## WHAT THE TASK REQUIRES
Return exactly the span of lines that opens with the line containing "IPsec External" and closes with the last line of the data, inclusive.

[Records excerpted from a collection]

::::::::

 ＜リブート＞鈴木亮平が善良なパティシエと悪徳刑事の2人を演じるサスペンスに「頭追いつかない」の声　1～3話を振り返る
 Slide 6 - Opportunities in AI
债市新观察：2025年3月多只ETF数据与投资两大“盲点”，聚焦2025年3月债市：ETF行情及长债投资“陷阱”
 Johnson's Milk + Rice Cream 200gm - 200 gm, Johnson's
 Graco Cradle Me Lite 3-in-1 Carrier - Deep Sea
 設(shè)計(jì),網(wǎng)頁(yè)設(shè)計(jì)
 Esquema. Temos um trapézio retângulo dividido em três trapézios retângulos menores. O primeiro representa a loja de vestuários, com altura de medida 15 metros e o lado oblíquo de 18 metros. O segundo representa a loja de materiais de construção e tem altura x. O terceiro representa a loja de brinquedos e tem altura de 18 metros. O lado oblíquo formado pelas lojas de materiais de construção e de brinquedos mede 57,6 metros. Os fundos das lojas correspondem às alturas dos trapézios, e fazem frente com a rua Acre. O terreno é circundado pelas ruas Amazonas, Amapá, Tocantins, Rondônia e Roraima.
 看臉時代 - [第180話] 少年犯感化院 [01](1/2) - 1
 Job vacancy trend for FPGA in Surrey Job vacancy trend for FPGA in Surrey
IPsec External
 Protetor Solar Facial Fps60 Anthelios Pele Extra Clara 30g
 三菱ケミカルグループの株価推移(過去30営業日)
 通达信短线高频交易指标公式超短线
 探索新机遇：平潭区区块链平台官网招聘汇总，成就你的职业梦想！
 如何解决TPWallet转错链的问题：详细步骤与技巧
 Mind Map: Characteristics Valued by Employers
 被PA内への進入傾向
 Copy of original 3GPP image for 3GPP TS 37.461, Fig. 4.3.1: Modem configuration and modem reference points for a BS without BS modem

::::::::

## TASK RESPONSE
IPsec External
 Protetor Solar Facial Fps60 Anthelios Pele Extra Clara 30g
 三菱ケミカルグループの株価推移(過去30営業日)
 通达信短线高频交易指标公式超短线
 探索新机遇：平潭区区块链平台官网招聘汇总，成就你的职业梦想！
 如何解决TPWallet转错链的问题：详细步骤与技巧
 Mind Map: Characteristics Valued by Employers
 被PA内への進入傾向
 Copy of original 3GPP image for 3GPP TS 37.461, Fig. 4.3.1: Modem configuration and modem reference points for a BS without BS modem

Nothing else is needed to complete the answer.